Lets deal with the attempt to deflect criticism: if you don’t like it don’t buy it. It is a ridiculous argument – given that we are all allowed to have opinions beyond our purchasing power. But lets look more at the damage done.
First, it detracts from a serious artist’s cachet and creditability; the milking of the Carpenters thirty-five years after Karen died.
Second, the element of artistic input and control in these releases is always at minimum questionable.
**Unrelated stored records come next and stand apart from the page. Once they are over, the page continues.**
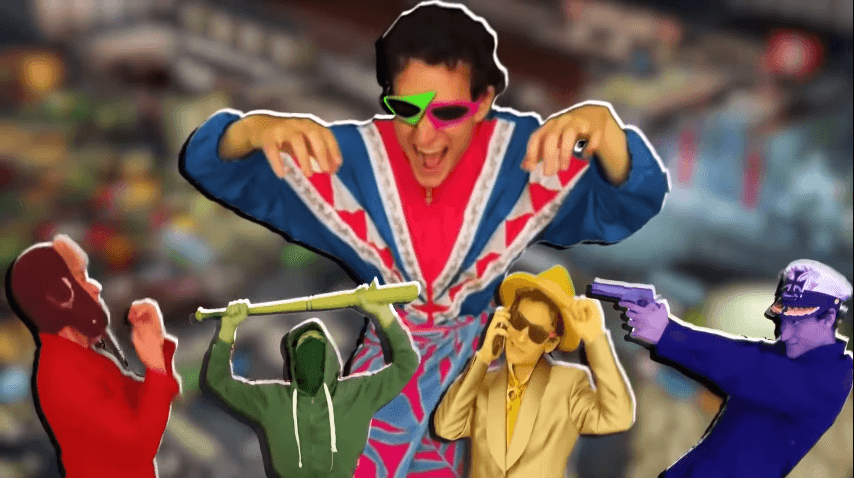 Jreg meme template - Jreg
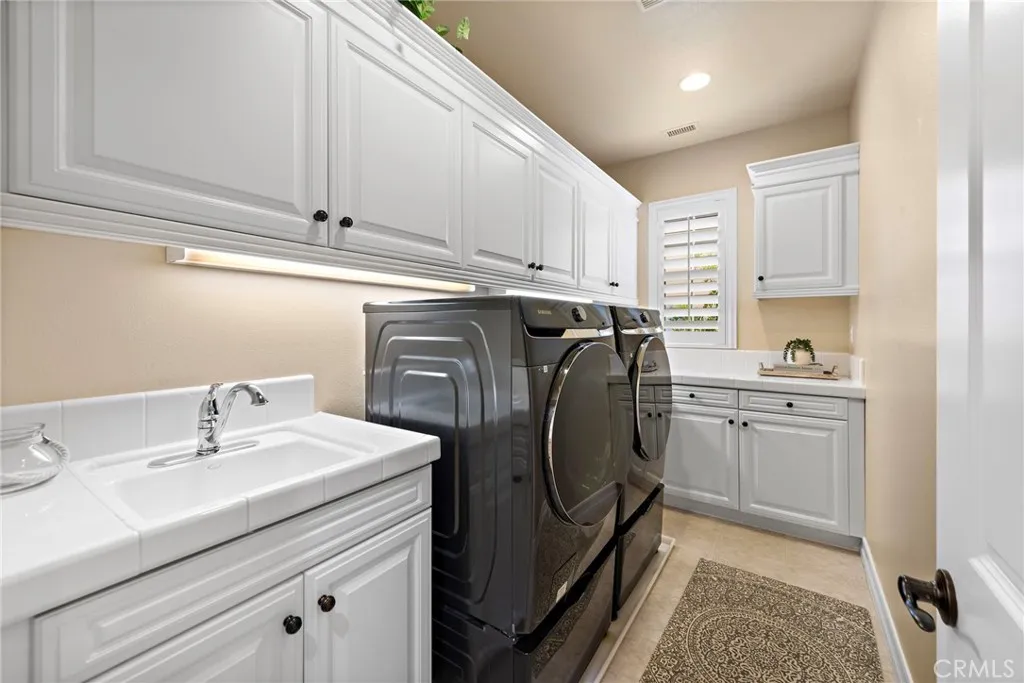 Additional image 56 of 21 Corte Lomas Verdes, San Clemente, CA 92673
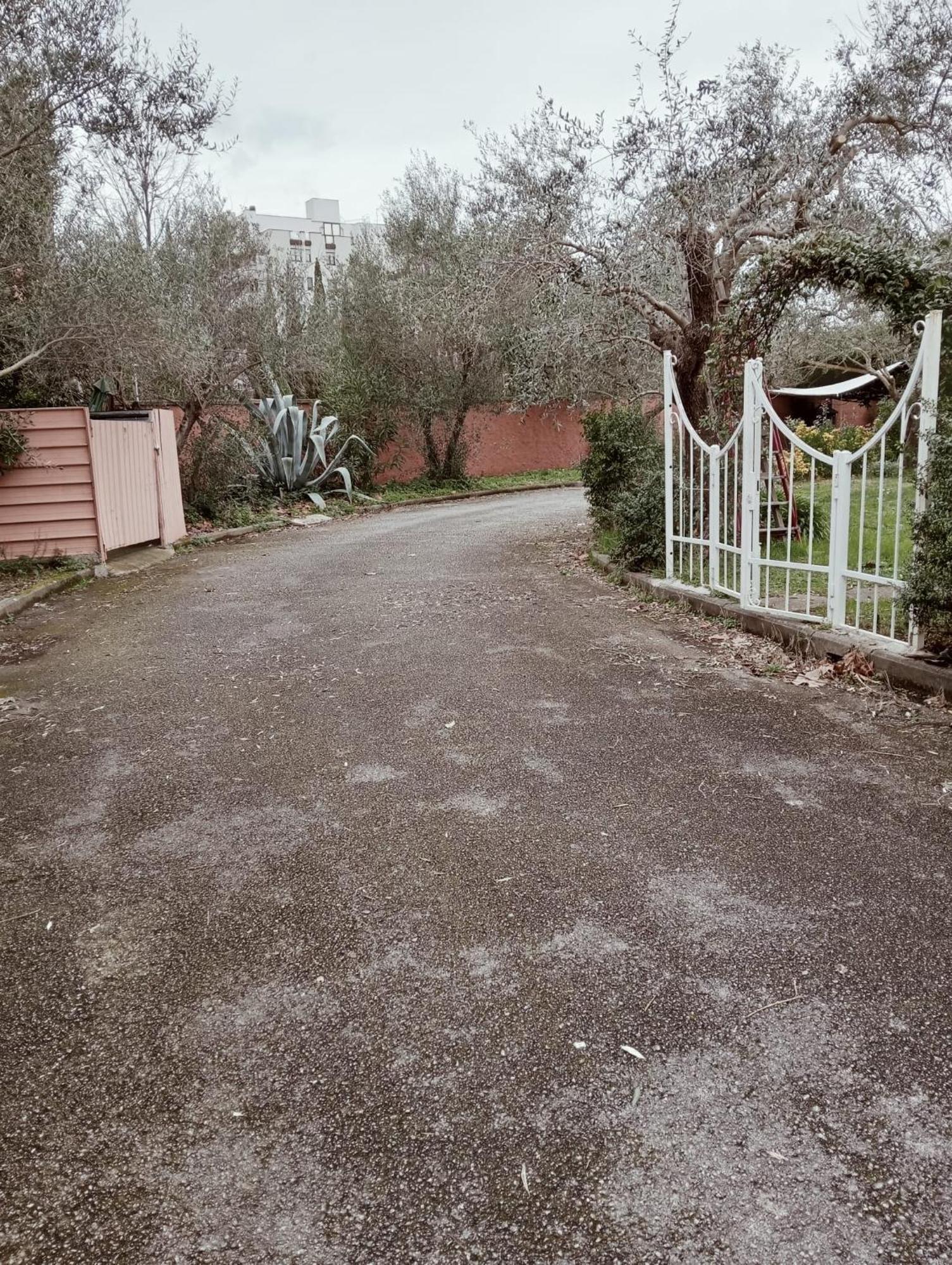 Dimora Del Conte Pise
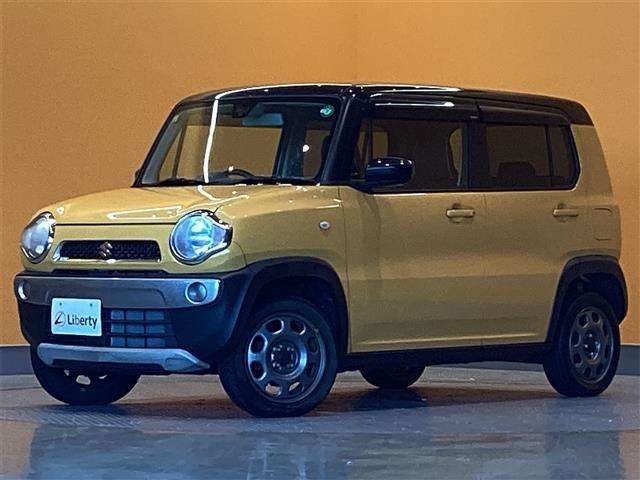 ☆厳選仕入れしております！！高年式低走行の良い状態のお車ばかりです☆☆是非一度ご来店下さいませ☆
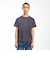 City Ambient Products: コンパクト ショート レングス  Tシャツ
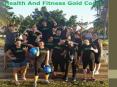 Health And Fitness Gold Coast PowerPoint PPT Presentation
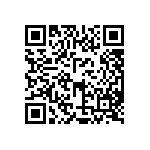 DF15A-4-2-50DP-0-65V-56 QRCode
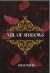Veil Of Shadows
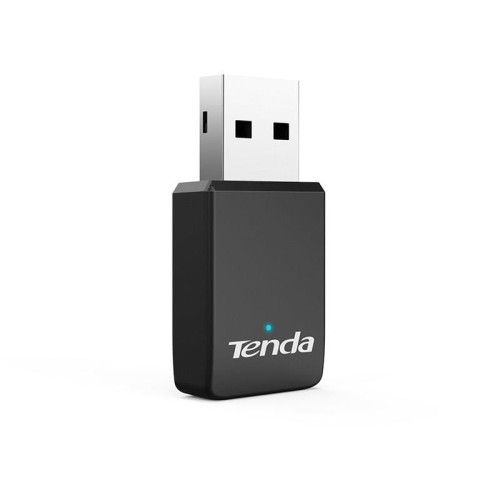 Karta sieciowa Tenda U9 (USB 2.0) - 749706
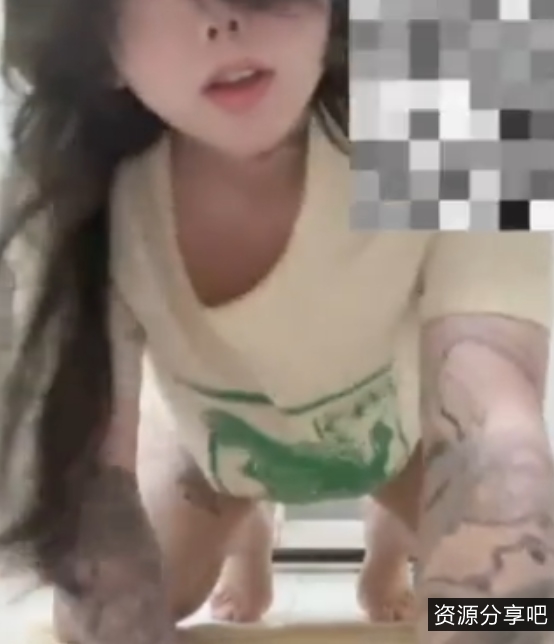菟籽全集推特伪娘118部460M韵味足
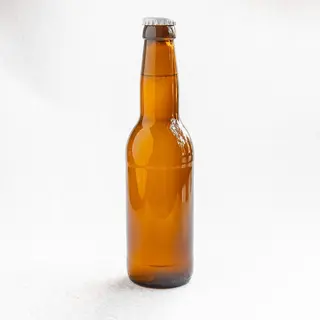 LEMONIADA CULTO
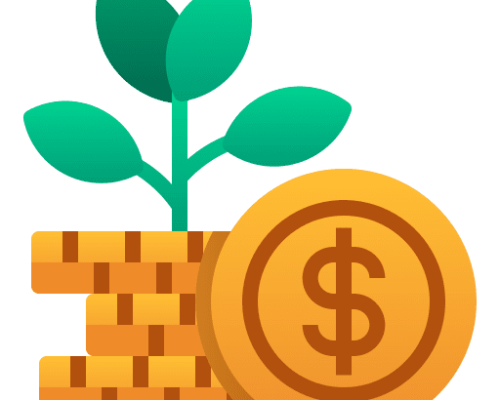 investment.png investment.png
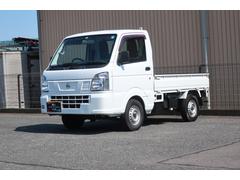 日産　ＮＴ１００クリッパートラック　ＤＸ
Richard Carpenter was involved in this, but the Carpenters don’t exist.
Third, this really is brazen cash cowism by a record industry which knows it is on borrowed time, churning out releases to sell to baby boomers who seem content to continually relive their past.
Fourth, there is a place for reissues and remasters – but popular music cannot be about the past – otherwise it eventually runs out of pasts to recycle.
So yes buy this and enjoy it if you must. But don’t say it does not matter.
Dittos on your comments Gerry, especially "paragraphs" 3 & 5. I was thrilled to learn back in August that RC would be working on this with the RPO, and that it would be released in Dec./2018. At first, I thought I would have to order it, but I was able to purchase the last copy (CD) at our local Barnes & Noble bookstore.
I think I've listened to it 4-5 times, and each time I've picked up some new/different nuances. As usual, Richard is masterful with the added instruments and orchestration; mostly at the beginning and ends of his selections. I'm not sure that Karen would approve, and in some cases I still think that "less is more" when comparing the original recordings to this recording with the RPO. Just pull up "For All We Know", when The Carpenters performed this on The Andy Williams Show on 02/13/1971. Just spectacular!!